Department of Signal Processing and Acoustics, Aalto University, Otakaari 3, FI-00076 Espoo, Finland.
Sensors (Basel). 2022 Jun 29;22(13):4931. doi: 10.3390/s22134931.
Understanding of the perception of emotions or affective states in humans is important to develop emotion-aware systems that work in realistic scenarios. In this paper, the perception of emotions in naturalistic human interaction (audio-visual data) is studied using perceptual evaluation. For this purpose, a naturalistic audio-visual emotion database collected from TV broadcasts such as soap-operas and movies, called the IIIT-H Audio-Visual Emotion (IIIT-H AVE) database, is used. The database consists of audio-alone, video-alone, and audio-visual data in English. Using data of all three modes, perceptual tests are conducted for four basic emotions (angry, happy, neutral, and sad) based on category labeling and for two dimensions, namely arousal (active or passive) and valence (positive or negative), based on dimensional labeling. The results indicated that the participants' perception of emotions was remarkably different between the audio-alone, video-alone, and audio-video data. This finding emphasizes the importance of emotion-specific features compared to commonly used features in the development of emotion-aware systems.

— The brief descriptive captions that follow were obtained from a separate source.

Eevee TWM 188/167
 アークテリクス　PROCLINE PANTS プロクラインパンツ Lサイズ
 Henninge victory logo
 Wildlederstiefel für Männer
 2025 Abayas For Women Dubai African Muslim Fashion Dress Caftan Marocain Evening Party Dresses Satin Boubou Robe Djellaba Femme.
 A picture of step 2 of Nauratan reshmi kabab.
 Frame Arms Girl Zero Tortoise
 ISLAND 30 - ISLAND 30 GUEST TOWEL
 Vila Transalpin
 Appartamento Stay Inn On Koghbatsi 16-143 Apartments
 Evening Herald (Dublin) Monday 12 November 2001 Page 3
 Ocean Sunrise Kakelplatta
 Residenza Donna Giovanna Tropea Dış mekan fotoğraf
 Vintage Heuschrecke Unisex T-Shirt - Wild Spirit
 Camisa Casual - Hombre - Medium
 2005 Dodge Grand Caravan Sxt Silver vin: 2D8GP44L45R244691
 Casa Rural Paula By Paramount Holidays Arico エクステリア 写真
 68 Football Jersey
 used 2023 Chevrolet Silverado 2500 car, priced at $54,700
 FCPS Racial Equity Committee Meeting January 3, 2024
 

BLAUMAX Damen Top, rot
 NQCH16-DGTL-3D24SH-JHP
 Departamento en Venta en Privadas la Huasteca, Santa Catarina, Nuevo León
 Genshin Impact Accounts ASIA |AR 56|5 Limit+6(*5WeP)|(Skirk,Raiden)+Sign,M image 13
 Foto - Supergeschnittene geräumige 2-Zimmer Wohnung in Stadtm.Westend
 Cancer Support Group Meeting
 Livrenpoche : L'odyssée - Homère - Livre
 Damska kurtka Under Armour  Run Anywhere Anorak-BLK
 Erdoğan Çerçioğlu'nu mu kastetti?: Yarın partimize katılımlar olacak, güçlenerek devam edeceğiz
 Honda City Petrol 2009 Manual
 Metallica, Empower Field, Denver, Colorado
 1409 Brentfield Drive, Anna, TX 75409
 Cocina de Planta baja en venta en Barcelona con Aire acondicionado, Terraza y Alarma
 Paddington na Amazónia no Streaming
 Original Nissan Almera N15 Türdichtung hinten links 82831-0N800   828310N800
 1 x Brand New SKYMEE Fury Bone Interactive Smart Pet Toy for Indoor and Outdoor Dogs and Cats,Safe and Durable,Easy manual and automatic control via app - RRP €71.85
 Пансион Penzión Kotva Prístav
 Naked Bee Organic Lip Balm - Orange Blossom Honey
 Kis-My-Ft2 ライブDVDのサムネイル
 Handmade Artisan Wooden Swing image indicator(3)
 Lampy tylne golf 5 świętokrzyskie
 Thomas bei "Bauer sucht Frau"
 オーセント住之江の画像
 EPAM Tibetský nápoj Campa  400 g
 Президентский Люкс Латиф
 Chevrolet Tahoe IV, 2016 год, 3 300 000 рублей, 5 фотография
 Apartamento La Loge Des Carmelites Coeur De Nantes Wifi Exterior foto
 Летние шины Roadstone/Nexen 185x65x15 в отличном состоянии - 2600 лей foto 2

理解人类情感或情感状态的感知对于开发在现实场景中工作的情感感知系统非常重要。在本文中,使用感知评估研究了自然主义人类交互(视听数据)中的情感感知。为此,使用了一个从肥皂剧和电影等电视广播中收集的自然主义视听情感数据库,称为 IIIT-H 视听情感(IIIT-H AVE)数据库。该数据库包含英语的音频、视频和视听数据。使用所有三种模式的数据,根据类别标记对愤怒、快乐、中性和悲伤这四种基本情绪进行感知测试,根据维度标记对唤醒(主动或被动)和效价(积极或消极)这两个维度进行感知测试。结果表明,参与者对音频、视频和视听数据的情感感知存在显著差异。这一发现强调了在开发情感感知系统时,与常用特征相比,情感特定特征的重要性。